Exercise description:
Return the data below exactly, but only from the line containing "702 Falling Cave Drive Property Photo 17" through the line containing "Mid-20th Century Tall", with both of those lines included.

** Opening Data to use block **

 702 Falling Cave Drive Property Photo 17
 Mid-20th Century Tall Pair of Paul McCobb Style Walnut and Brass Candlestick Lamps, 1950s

** Closing Data to use block **
** Opening Data to use block **

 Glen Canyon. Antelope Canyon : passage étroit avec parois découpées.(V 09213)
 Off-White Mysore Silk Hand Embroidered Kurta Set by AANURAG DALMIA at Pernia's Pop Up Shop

** Closing Data to use block **
** Opening Data to use block **

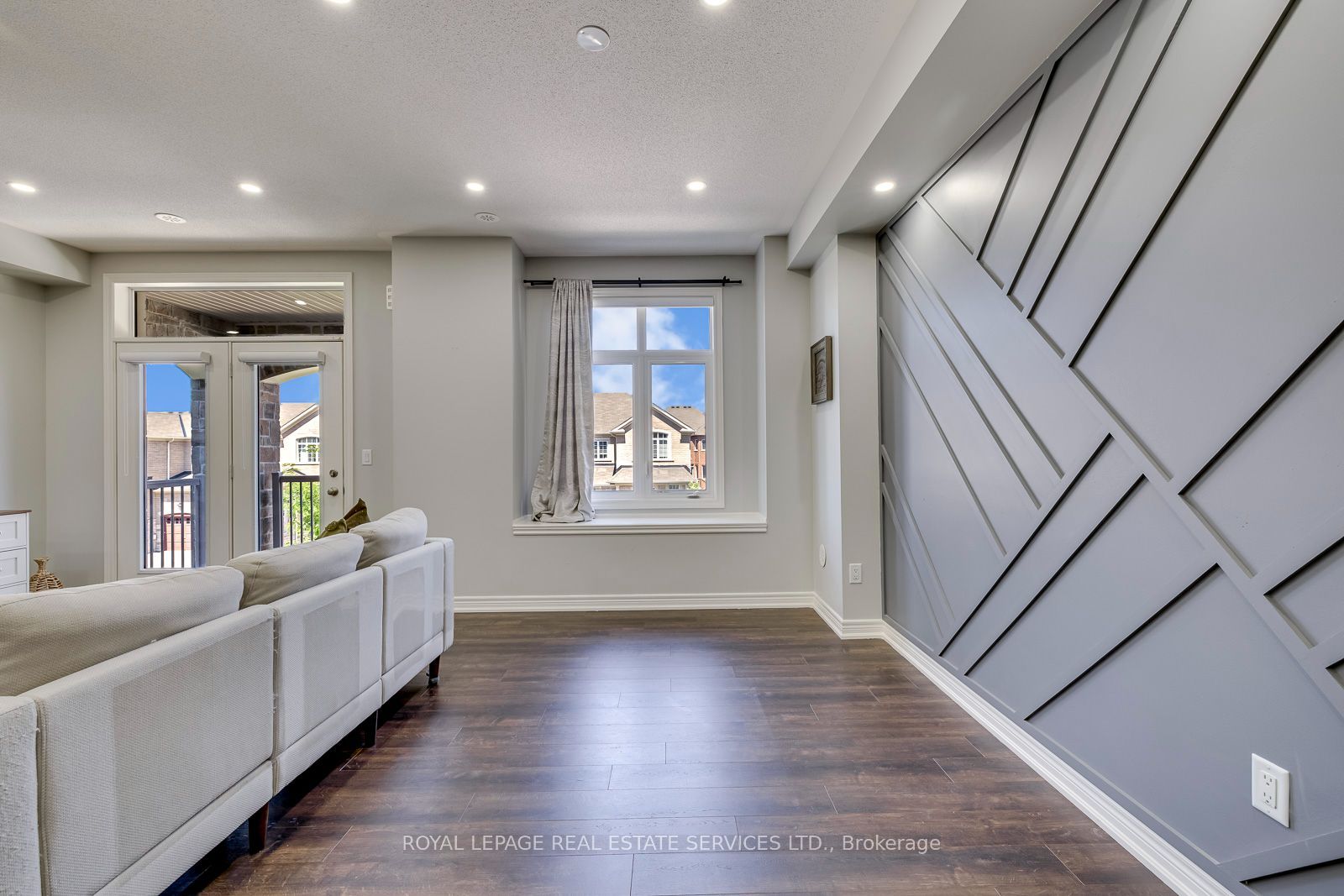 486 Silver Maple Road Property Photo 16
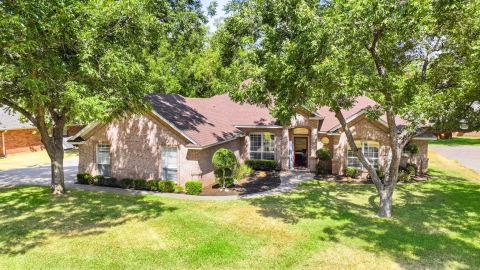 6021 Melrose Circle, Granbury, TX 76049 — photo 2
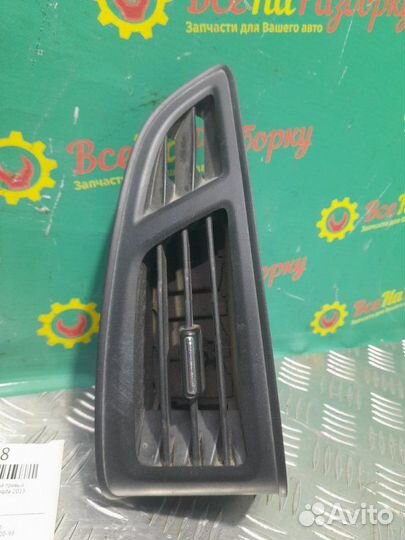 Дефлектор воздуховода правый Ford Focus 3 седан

** Closing Data to use block **

Answer section:
 702 Falling Cave Drive Property Photo 17
 Mid-20th Century Tall Pair of Paul McCobb Style Walnut and Brass Candlestick Lamps, 1950s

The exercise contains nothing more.